People in New England say that in order to fully appreciate the delights of summer, you must also endure the tribulations of winter. They say that without four–okay, sometimes five–months of biting winds that scrape your throat and slice your lips, you fail to give the sunlight that warms you from the outside in the adoration it deserves. Growing up in Boston, I always assumed this was just something we told ourselves to justify suffering through wind chills of thirty below and hours spent shoveling out our cars. But when I moved to Florida, I realized that this was not in fact some placating adage that lacked any real meaning, but that it held much more truth than I had bargained for.
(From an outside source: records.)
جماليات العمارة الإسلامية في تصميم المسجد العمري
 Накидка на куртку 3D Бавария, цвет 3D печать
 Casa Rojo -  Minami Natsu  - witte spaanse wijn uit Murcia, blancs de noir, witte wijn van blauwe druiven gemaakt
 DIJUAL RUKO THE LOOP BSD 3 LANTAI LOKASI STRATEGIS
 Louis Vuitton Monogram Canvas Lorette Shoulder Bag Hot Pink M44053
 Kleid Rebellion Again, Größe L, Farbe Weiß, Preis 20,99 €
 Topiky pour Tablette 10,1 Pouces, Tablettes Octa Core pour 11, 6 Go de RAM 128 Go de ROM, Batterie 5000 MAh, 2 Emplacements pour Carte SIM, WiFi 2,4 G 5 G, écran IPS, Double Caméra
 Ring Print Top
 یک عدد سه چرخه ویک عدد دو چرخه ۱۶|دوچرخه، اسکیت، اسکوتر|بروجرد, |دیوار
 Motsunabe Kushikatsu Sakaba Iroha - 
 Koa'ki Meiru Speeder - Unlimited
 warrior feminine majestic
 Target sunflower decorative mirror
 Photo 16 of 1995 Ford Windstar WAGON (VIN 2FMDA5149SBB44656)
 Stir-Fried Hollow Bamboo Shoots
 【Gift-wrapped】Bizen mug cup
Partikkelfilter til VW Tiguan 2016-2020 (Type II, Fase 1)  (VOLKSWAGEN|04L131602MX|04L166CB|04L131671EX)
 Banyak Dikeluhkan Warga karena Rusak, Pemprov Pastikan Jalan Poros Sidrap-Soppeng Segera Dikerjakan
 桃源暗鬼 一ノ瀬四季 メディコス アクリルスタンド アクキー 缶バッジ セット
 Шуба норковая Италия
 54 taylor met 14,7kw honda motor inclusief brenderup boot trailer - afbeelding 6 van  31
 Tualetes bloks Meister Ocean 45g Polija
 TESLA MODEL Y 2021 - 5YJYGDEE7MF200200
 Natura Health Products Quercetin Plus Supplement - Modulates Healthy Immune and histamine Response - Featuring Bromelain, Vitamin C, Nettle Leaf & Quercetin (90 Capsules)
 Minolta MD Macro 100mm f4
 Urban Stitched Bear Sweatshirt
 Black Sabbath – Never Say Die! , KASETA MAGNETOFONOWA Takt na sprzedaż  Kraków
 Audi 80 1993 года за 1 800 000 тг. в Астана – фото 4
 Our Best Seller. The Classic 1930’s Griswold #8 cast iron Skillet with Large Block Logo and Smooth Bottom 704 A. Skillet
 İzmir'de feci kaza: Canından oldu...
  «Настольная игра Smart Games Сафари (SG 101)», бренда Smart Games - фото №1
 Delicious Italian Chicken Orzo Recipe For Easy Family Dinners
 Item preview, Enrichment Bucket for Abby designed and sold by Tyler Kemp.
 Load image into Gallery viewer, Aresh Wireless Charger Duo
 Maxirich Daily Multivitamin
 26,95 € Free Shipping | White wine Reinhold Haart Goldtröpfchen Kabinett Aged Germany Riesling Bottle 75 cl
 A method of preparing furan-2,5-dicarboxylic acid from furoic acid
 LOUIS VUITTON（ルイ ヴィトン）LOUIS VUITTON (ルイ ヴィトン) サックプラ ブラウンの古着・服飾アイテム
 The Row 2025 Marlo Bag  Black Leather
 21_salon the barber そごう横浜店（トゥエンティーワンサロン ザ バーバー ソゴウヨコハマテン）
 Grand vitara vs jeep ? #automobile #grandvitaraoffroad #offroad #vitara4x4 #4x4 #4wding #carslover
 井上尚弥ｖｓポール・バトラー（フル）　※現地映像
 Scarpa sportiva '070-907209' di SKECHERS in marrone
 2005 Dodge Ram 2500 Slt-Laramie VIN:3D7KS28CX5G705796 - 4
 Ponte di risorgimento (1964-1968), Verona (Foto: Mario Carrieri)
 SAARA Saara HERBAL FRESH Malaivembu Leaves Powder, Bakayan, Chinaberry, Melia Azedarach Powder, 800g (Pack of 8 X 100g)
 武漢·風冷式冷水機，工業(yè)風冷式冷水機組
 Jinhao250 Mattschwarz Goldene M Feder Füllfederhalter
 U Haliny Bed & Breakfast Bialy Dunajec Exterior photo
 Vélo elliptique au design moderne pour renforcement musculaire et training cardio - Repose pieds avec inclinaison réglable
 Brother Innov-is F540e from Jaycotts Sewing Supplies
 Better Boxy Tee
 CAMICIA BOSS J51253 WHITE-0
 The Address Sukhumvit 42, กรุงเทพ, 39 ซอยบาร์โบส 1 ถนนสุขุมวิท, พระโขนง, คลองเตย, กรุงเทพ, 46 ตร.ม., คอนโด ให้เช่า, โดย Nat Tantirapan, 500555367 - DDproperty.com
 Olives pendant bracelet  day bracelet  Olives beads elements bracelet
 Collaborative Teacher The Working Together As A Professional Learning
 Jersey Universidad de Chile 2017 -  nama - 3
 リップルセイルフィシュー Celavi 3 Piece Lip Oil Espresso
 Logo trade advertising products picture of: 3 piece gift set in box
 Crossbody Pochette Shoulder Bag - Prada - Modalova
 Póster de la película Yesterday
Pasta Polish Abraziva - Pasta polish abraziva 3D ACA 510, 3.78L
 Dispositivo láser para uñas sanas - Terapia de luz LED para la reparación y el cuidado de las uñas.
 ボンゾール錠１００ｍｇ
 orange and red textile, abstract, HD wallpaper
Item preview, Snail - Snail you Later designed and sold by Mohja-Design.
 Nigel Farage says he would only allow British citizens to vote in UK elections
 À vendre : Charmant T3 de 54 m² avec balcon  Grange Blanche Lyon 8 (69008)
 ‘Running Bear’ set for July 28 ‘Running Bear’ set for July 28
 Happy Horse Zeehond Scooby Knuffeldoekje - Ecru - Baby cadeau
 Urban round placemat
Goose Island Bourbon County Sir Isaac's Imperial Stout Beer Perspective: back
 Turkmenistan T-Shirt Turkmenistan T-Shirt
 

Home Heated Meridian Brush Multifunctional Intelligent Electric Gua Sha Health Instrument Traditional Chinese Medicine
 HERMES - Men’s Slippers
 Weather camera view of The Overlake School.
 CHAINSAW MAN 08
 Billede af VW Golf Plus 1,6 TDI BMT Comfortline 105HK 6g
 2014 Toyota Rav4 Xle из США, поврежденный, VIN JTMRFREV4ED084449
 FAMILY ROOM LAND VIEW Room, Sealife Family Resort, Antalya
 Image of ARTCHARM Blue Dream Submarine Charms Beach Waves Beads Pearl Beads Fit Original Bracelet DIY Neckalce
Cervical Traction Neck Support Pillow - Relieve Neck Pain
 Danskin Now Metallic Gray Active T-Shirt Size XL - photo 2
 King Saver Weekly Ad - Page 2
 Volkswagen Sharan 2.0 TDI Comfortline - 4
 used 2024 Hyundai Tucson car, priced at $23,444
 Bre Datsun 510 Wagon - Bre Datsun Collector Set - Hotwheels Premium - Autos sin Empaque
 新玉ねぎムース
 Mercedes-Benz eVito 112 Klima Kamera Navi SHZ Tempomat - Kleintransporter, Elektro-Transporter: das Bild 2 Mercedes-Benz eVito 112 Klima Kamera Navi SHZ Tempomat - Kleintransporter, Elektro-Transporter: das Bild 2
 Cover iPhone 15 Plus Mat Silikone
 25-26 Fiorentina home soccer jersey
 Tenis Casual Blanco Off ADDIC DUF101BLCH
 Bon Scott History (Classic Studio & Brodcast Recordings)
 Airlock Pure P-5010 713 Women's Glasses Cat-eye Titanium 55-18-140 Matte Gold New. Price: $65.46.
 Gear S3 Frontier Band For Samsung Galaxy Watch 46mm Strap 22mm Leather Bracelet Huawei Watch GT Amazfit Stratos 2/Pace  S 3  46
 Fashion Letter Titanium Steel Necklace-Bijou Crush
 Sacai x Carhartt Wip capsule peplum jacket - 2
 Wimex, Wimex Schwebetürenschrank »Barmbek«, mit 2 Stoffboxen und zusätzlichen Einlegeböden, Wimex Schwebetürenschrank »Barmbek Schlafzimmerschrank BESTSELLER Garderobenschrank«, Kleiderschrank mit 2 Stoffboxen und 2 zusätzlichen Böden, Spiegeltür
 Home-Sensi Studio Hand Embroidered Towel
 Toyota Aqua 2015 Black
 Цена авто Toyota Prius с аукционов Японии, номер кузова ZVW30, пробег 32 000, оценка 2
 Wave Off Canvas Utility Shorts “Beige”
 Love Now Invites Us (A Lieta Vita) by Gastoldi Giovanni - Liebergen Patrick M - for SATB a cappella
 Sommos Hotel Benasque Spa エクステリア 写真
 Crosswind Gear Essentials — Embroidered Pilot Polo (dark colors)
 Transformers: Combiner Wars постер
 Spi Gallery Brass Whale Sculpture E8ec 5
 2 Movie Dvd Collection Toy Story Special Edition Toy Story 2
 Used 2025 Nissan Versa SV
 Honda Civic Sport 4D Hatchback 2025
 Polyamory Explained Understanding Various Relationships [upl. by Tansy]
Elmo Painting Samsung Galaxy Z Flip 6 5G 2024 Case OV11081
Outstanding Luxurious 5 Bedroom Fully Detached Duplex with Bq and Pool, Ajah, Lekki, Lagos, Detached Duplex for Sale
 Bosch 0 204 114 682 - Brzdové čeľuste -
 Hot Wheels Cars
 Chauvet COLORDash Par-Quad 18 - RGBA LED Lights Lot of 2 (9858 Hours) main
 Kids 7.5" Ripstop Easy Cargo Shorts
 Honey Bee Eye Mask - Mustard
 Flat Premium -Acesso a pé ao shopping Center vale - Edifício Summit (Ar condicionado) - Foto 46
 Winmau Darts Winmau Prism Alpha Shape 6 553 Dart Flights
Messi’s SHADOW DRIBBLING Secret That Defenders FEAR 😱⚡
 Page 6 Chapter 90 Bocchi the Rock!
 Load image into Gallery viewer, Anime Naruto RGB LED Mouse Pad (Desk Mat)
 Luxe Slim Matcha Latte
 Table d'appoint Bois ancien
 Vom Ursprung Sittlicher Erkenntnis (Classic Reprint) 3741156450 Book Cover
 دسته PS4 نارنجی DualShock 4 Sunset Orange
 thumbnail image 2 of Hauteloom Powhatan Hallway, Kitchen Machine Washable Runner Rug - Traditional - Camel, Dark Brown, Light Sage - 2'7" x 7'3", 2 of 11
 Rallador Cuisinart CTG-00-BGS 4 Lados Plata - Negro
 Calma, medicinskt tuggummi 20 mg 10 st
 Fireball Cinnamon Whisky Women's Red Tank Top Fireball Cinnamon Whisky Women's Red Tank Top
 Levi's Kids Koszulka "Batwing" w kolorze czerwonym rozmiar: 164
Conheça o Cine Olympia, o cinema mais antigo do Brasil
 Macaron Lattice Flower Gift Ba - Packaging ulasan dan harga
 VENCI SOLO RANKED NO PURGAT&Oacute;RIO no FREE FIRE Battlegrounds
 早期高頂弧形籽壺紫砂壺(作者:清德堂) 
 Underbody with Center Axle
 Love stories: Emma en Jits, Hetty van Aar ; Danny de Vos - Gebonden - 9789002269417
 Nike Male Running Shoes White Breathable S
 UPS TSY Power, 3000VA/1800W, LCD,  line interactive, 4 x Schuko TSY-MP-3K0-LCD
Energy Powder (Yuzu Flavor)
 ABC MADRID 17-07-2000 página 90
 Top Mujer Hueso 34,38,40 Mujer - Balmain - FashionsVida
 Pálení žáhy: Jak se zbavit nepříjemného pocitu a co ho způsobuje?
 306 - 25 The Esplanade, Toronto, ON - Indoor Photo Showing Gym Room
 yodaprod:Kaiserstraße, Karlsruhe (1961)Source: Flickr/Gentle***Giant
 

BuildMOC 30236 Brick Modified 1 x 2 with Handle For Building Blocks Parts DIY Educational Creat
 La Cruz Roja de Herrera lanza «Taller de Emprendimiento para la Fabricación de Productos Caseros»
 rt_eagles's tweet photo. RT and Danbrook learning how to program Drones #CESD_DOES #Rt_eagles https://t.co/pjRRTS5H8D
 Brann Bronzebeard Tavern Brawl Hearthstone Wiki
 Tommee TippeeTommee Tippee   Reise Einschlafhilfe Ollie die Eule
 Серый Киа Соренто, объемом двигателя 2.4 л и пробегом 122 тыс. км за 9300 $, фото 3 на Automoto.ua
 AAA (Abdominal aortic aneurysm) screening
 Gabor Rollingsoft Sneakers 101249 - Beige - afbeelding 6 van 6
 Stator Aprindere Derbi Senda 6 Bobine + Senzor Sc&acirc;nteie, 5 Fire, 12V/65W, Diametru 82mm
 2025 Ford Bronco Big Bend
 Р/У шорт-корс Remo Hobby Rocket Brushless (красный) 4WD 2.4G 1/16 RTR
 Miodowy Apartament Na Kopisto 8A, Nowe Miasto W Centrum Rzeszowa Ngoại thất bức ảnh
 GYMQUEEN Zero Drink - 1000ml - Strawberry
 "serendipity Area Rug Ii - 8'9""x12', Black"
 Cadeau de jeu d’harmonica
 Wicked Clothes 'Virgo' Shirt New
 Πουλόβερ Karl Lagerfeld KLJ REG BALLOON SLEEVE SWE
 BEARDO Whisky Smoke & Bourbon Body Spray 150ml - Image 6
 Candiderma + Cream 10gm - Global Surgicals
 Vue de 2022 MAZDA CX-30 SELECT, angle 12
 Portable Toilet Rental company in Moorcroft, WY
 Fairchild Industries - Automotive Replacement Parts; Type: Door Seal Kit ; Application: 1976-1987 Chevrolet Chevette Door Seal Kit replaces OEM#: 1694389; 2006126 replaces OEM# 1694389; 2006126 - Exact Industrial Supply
It is now my first fall without leaves. The colors outside my window have not changed since the day I arrived here several months ago; they remain frozen in a landscape that changes only in the number of high-rises that pollute the horizon, not in the textures and hues that decorate a New England autumn. Can I even use the word autumn, when the only thing “fall” about my life now is the heading on my calendar? Would I know it was October if my father didn’t remind me to set my clock an hour back?

Seasons are just another reflection of the annual cycle that is life: birth, growth, maturation, and death. It is the inevitable transition from winter to spring that helps me cope with the figurative cold seasons that I face, like any other person. It is the primordial knowledge that “this too shall pass,” ingrained in my heart from a lifetime of watching the apple tree in my yard form its first buds, that mollifies even the darkest hours. Likewise, I feel a healthy urgency to milk as much joy as I can from every facet of my life, echoing my mother’s yearly autumn warnings to “get outside while the weather’s still good.” Without nature reminding me that dynamic highs and lows are, well, natural, I fear I will grow as stagnant as the thermometer that reads the same day after day.

It is true what they say–without winter, you lose sight of summer. I am starting to catch myself taking the endless summer that is Florida for granted. I am forgetting to get outside while the weather is still good, because I know it will be good tomorrow, and the day after that, too. But while my skin may be rejoicing in this beach-lover’s utopia, my soul is craving the red and yellow leaves that keep it honest.